Key proposal is to abolish recoverability of success fees in conditional fee agreements

The Government has today announced the launch of its consultation on key reforms recommended by the Jackson Review.

The key proposal in the consultation Reform of Civil Litigation Funding and Costs in England and Wales is to abolish recoverability of success fees and associated costs in “no win, no fee” conditional fee agreements.

According to the Government, this proposal would mean that claimants have to pay their lawyer’s success fee and will therefore take an interest in controlling the costs being incurred on their behalf.

It is also proposed to allow damages-based agreements (also known as contingency fees) in litigation before the courts.

The consultation will also seek views on Lord Jackson’s recommendation of a 10% increase in general damages, and introducing a mechanism to protect the vast majority of personal injury claimants from paying a winning defendant’s costs through one way cost shifting.

Other proposals will look at how parties can be encouraged to make and accept reasonable offers, as well as introducing a new test to ensure that overall costs are proportionate.
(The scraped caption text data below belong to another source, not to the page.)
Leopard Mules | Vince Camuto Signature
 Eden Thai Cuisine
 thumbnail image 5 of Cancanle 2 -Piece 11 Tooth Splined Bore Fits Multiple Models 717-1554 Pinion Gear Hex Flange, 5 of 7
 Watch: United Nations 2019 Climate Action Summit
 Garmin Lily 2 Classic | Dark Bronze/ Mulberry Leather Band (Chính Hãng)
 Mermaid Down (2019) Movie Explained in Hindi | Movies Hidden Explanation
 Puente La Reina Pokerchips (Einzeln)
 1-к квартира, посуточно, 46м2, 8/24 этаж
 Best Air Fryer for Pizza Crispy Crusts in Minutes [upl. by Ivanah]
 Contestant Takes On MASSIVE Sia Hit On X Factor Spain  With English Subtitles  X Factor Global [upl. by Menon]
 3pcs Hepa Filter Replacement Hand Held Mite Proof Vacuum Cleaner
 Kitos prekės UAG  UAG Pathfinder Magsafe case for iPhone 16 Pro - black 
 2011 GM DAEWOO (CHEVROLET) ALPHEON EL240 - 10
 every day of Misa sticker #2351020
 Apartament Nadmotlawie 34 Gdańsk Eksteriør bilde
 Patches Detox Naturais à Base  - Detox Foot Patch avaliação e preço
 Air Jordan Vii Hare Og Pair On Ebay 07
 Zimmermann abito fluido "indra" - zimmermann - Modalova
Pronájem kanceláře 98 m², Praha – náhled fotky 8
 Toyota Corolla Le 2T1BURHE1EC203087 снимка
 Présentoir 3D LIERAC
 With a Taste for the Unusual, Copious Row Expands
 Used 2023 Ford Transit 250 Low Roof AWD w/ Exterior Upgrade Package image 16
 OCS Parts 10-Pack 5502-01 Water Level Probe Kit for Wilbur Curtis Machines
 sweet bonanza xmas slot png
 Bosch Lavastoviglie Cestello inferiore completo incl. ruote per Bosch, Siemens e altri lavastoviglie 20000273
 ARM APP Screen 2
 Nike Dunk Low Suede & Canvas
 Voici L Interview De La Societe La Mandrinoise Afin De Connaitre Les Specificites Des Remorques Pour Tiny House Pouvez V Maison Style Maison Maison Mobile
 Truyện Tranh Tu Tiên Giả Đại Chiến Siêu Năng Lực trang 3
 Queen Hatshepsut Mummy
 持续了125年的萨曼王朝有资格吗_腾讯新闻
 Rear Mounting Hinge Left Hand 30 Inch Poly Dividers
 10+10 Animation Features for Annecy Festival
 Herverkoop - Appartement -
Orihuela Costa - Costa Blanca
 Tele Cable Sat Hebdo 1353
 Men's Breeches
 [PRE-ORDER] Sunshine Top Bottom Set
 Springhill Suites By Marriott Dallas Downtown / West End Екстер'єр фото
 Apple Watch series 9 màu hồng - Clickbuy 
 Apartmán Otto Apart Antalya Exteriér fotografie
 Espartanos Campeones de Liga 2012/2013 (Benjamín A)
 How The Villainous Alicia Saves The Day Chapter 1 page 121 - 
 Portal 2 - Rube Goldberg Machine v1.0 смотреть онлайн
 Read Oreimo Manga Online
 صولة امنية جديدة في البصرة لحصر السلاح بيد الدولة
It is also proposed to increase the costs which can be recovered by people who win their cases without representation by lawyers.

Justice Minister Jonathan Djanogly said: “One of our key proposals is reforming the current “no win, no fee” regime. We want to reduce overall costs, ensure claimants have a financial interest in controlling legal costs incurred on their behalf and deter avoidable unnecessary or unmeritorious cases.

“Under the current arrangements claimants generally have no interest in the costs being incurred on their behalf because win or lose they do not have to pay anything towards them.

“Today’s proposals are designed to prevent the situation in which regardless of the merits of the case defendants are forced to settle for fear of prohibitive costs.

“I want to strike the balance between access to civil justice and ensuring costs are proportionate, sustainable and affordable.”

The consultation will run until February 14 2011.